This project came about through the desire to experiment with a few new woodworking techniques and some hardware which I had not used before. Plus, I am trying to make my workshop as portable and efficient as possible, which means everything on wheels, and creating storage space. I have built many projects, but had not tried “face frame” construction, typically used in kitchen cabinets, etc. The face of the cabinet is built from a nice hardwood, and the sides are typically plywood, which is not visible unless the cabinet is opened. Also, all of the drawers I have built have used wooden slides, which work nicely, but many kitchen cabinets use “full extension” metal drawer slides, which allow drawers to be pulled all the way out, providing easy access to items way in the back. Someday, I intend to build new kitchen cabinets for our house, so I began by practicing on a garage cabinet to house my miter saw.

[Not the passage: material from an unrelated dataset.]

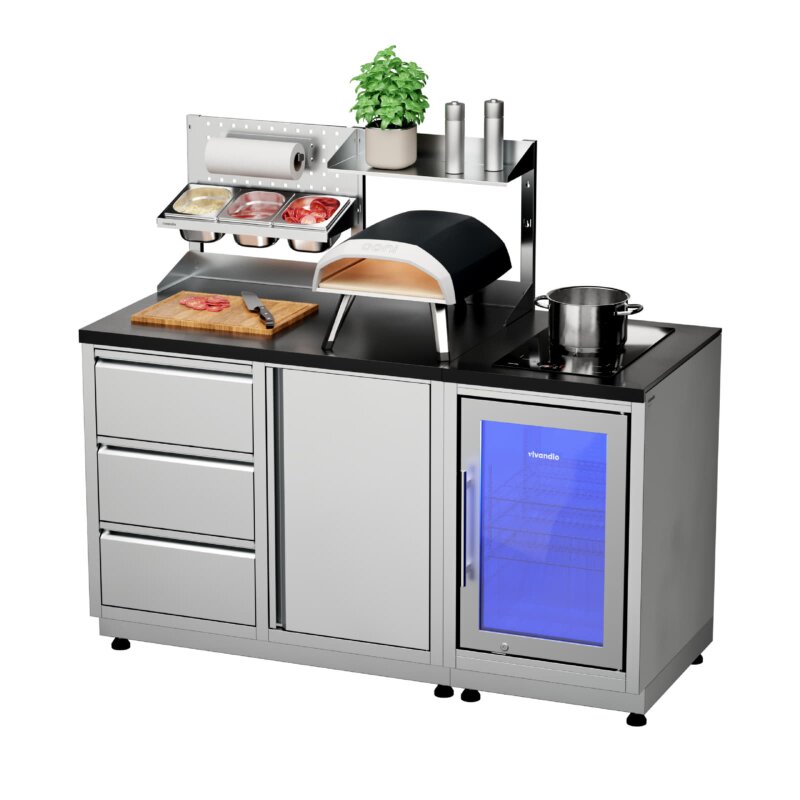Vivandio Outdoorküche quub - Schrank + Schubladenmodul - Silber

I used basic face frame techniques to construct the front, but taking a tip from a friend who grew up in a family of cabinet builders, I then cut a dado in the back of the face frame, and seated the plywood sides and bottom into the dado, creating a very strong structure. Most of the rest of the construction techniques are pretty standard to face frame construction. I was able to build three drawers below the work surface to help with my storage needs.
I used the full extension drawer slides for a purpose other than drawers, though. When cutting longer stock on the miter saw, I usually have to set up some stands to support the work. I used the drawer slides to build supports into the sides of the cabinet. When not in use, the slides go back inside the cabinet, out of the way. The supports attach on threaded rods, allowing adjustment.